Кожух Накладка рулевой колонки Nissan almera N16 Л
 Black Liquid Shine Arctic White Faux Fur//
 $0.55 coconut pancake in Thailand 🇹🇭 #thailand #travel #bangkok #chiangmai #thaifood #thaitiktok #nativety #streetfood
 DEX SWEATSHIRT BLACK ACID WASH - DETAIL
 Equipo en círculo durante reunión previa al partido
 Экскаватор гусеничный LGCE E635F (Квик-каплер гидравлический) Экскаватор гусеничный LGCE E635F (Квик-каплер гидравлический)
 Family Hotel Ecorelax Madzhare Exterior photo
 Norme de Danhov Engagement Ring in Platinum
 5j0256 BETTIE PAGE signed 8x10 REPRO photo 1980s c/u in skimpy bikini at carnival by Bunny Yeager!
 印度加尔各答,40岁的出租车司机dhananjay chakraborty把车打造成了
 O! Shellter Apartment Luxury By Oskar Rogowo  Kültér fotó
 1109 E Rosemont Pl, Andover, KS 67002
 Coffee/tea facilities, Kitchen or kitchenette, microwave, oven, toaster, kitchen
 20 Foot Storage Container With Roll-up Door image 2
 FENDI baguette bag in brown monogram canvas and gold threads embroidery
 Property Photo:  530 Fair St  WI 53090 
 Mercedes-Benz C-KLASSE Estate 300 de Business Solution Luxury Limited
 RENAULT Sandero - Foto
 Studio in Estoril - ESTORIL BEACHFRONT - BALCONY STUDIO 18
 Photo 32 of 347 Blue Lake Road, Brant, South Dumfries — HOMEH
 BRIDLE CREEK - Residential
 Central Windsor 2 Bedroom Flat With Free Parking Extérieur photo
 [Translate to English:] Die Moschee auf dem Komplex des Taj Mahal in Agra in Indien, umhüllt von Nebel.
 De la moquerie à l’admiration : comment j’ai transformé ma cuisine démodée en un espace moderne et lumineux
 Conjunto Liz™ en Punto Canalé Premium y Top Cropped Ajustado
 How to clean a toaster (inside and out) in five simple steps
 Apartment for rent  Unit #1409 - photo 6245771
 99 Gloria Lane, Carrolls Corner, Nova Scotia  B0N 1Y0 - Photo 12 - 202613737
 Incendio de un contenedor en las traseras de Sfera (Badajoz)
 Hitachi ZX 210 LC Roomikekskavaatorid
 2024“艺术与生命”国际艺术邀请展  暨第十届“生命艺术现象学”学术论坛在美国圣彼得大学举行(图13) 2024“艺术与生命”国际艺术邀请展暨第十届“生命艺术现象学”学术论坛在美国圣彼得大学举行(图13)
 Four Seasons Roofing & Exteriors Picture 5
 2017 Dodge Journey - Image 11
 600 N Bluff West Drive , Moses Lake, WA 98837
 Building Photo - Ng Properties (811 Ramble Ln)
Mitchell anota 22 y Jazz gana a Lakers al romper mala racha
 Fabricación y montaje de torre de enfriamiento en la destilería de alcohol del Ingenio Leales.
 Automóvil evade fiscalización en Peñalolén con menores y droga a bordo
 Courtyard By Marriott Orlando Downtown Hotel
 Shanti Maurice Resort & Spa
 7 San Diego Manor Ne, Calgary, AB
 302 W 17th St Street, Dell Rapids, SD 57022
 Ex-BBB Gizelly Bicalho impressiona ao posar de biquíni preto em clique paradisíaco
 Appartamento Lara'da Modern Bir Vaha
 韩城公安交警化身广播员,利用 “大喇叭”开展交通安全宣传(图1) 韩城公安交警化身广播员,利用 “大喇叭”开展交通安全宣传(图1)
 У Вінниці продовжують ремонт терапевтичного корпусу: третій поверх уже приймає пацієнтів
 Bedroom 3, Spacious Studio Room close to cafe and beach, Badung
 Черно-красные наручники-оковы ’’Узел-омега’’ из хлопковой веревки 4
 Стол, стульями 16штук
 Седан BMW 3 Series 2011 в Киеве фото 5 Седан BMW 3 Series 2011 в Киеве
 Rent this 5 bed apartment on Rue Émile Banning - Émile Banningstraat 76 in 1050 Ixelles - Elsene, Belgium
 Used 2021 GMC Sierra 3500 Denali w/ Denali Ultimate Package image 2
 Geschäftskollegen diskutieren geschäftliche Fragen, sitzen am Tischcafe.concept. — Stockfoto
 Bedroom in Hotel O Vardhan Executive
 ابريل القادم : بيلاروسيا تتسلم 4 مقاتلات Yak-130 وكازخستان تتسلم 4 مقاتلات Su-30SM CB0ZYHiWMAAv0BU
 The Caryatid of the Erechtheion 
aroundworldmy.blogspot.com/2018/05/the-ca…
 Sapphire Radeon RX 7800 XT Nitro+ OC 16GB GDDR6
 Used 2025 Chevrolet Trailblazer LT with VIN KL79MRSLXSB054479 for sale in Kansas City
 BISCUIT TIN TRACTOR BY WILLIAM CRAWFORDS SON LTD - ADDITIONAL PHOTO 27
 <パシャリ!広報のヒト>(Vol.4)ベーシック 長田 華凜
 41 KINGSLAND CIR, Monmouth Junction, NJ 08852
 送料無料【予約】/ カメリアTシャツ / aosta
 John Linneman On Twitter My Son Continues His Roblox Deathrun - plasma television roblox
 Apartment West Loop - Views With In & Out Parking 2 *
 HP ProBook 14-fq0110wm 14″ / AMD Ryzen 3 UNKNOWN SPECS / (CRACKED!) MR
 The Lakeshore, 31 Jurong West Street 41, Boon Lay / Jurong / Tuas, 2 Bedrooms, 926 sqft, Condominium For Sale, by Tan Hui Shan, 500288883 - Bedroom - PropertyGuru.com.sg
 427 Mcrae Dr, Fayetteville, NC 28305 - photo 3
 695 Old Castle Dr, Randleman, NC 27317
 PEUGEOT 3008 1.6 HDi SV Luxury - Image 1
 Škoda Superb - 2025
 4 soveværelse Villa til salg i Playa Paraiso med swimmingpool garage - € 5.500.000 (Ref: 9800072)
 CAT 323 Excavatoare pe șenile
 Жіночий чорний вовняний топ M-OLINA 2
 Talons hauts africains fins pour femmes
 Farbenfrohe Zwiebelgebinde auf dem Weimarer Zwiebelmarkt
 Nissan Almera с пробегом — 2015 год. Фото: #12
::::::::
WORK REQUEST:
Each line from the top of the material above, through the one that contains "Conjunto Liz™ en", should be restated word for word.

WORKED SOLUTION:
Кожух Накладка рулевой колонки Nissan almera N16 Л
 Black Liquid Shine Arctic White Faux Fur//
 $0.55 coconut pancake in Thailand 🇹🇭 #thailand #travel #bangkok #chiangmai #thaifood #thaitiktok #nativety #streetfood
 DEX SWEATSHIRT BLACK ACID WASH - DETAIL
 Equipo en círculo durante reunión previa al partido
 Экскаватор гусеничный LGCE E635F (Квик-каплер гидравлический) Экскаватор гусеничный LGCE E635F (Квик-каплер гидравлический)
 Family Hotel Ecorelax Madzhare Exterior photo
 Norme de Danhov Engagement Ring in Platinum
 5j0256 BETTIE PAGE signed 8x10 REPRO photo 1980s c/u in skimpy bikini at carnival by Bunny Yeager!
 印度加尔各答,40岁的出租车司机dhananjay chakraborty把车打造成了
 O! Shellter Apartment Luxury By Oskar Rogowo  Kültér fotó
 1109 E Rosemont Pl, Andover, KS 67002
 Coffee/tea facilities, Kitchen or kitchenette, microwave, oven, toaster, kitchen
 20 Foot Storage Container With Roll-up Door image 2
 FENDI baguette bag in brown monogram canvas and gold threads embroidery
 Property Photo:  530 Fair St  WI 53090 
 Mercedes-Benz C-KLASSE Estate 300 de Business Solution Luxury Limited
 RENAULT Sandero - Foto
 Studio in Estoril - ESTORIL BEACHFRONT - BALCONY STUDIO 18
 Photo 32 of 347 Blue Lake Road, Brant, South Dumfries — HOMEH
 BRIDLE CREEK - Residential
 Central Windsor 2 Bedroom Flat With Free Parking Extérieur photo
 [Translate to English:] Die Moschee auf dem Komplex des Taj Mahal in Agra in Indien, umhüllt von Nebel.
 De la moquerie à l’admiration : comment j’ai transformé ma cuisine démodée en un espace moderne et lumineux
 Conjunto Liz™ en Punto Canalé Premium y Top Cropped Ajustado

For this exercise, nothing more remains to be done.